One major limitation of the present study is the missing testing of CMs function in the presence of a patient’s plasma before and after hemadsorption. A potential depression of CMs function could be examined by analysis of the mitochondrial respiration (basal, spare and maximal respiration) as well as of the CMs contraction in the presence of non-filtered and filtered polytrauma plasma. Furthermore, the positive effects of hemadsorption could be investigated by intracellular calcium measurements, including the analysis of the mRNA expression of important calcium-handling proteins (NCX or SERCA). Further experiments could also include structural changes in human CMs in the presence of filtered and non-filtered polytrauma plasma, for example the measurement of connexins, intracellular troponin, alpha-actinin or desmin. Although these experiments seem interesting and would fit well in the context of the manuscript, they are beyond its scope.

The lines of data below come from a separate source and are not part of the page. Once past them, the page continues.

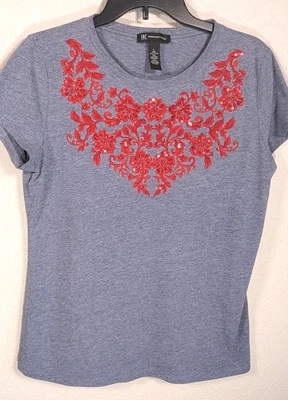 Camiseta INC International Concepts azul bordada vermelha manga curta grande - Imagem 1 de 4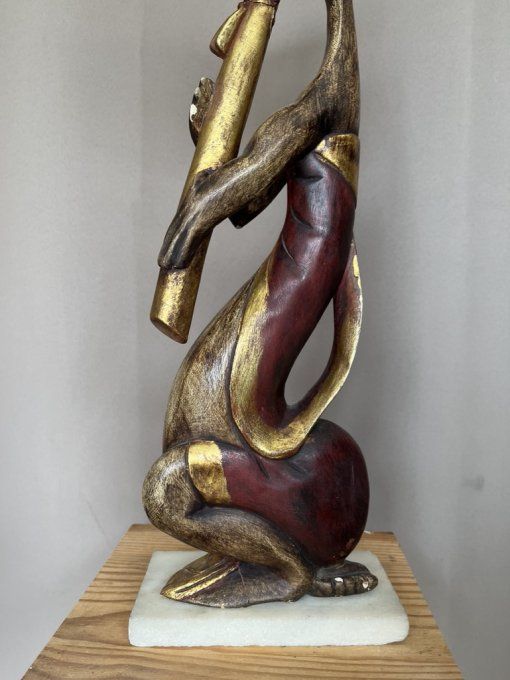 Belle sculpture en bois indonésienne, musicienne jouant d'une flûte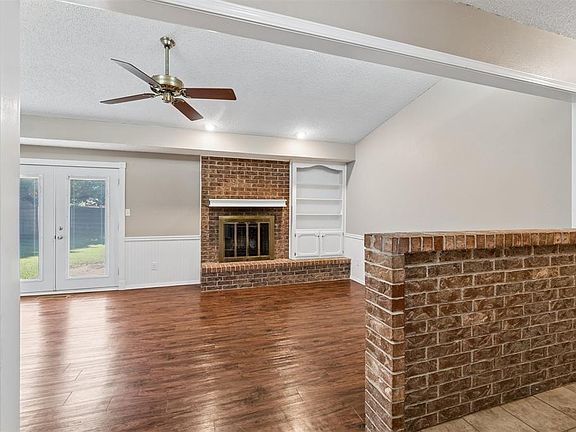 5th image of 510 Hanging Elm Dr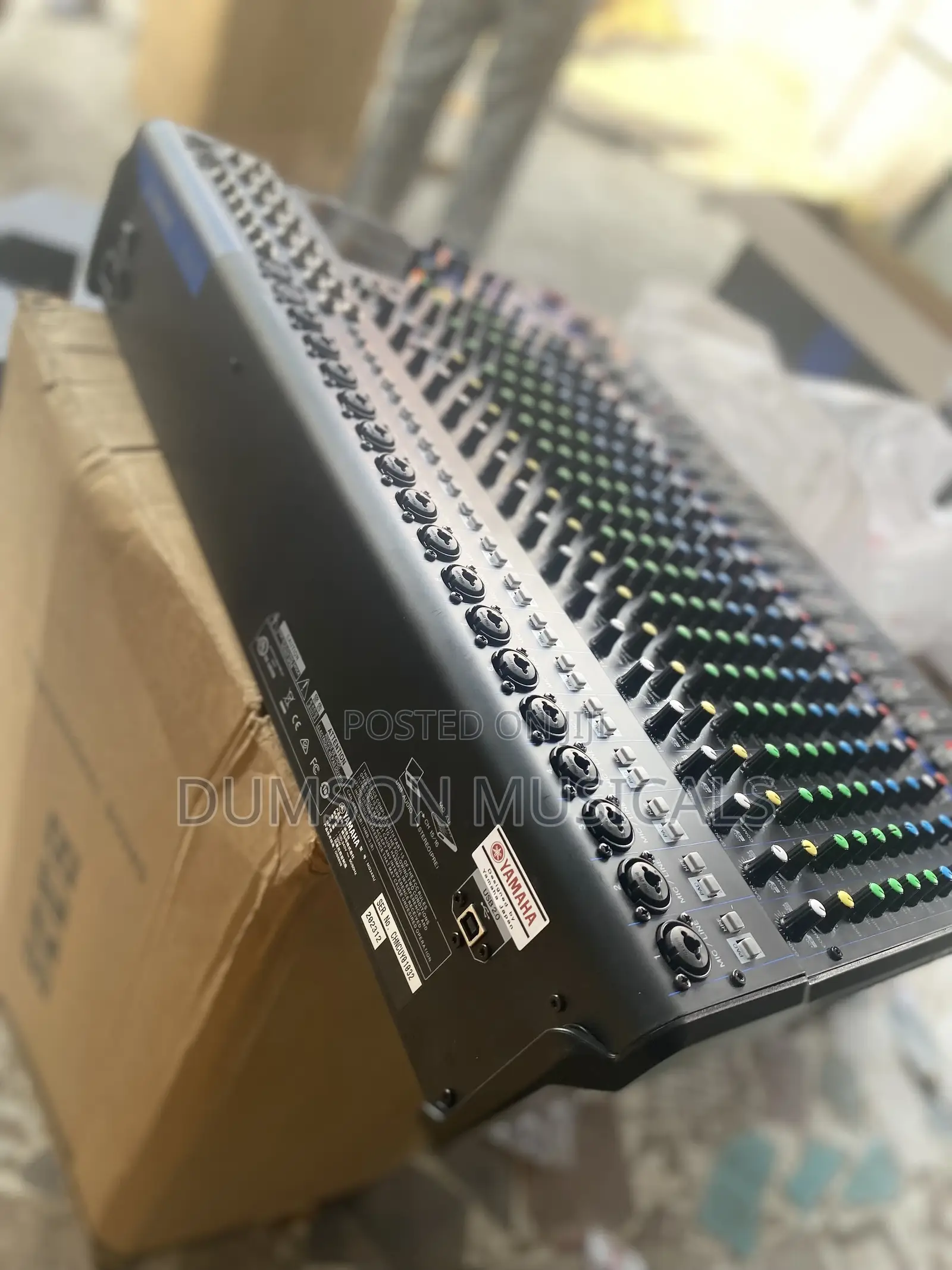 Yamaha Mixer Mg24xu Analog Console USB Mixer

The focus of the present report lies in the distinct effects of HMGB-1 and extracellular histones on human CMs functionality. In a previous study, we treated human CMs with a defined polytrauma-cocktail, including miscellaneous inflammatory cytokines, complement activation products and DAMPs (IL-1ß, IL-6, IL-8, TNF, C5a, C3a, HMGB1 and extracellular histones), mimicking the inflammatory conditions of multiple trauma in vitro [54]. In this study, we demonstrated that the entirety of these inflammatory molecules acted detrimentally on the CMs, impairing their cellular glucose and fatty acid transport, which might contribute to impaired cardiac function after multiple trauma [55]. However, our main focus lies on the specific effects of the individual components, therefore we treated the cells either with HMGB1 or with extracellular histones in the present study. Moreover, we did not use the plasma before and after hemadsorption, because we cannot exclude that the effects on CMs were mediated via other cytokines or DAMPs. The hemadsorption filter system was shown to reduce unpacifically the concentration of a wide range of inflammatory- and damaging molecules, therefore it is used for treatment of patients with SIRS or sepsis. In order to understand the complex pathomechanism of post-traumatic cardiac dysfunction, the particular influence of the individual DAMPs on CMs should be tested primarily as well as the filtration capacity of the hemadsorption column for these specific molecules. Moreover, in order to further verify the distinct effects of the single components, neutralizing antibodies might be used. However, this was not the goal of the present study and should be investigated in detail in future studies. A correct assignment between damaging mediators, their effects on CMs and the benefit of a mediator’s reduction is only possible due to precise testing of the individual mediators.

5. Conclusions

To summarise, this study confirms that nuclear proteins provoke cardiac damage and cardiac dysfunction after trauma. HMGB-1 and extracellular histones are released after multiple trauma. Despite their positive roles in the immune reaction, these mediators are associated with detrimental effects on cardiomyocytes including their viability, calcium handling and mitochondrial function. The study also shows that hemadsorption is a useful therapeutic option to reduce DAMPs concentrations and to potentially ameliorate EMD after trauma.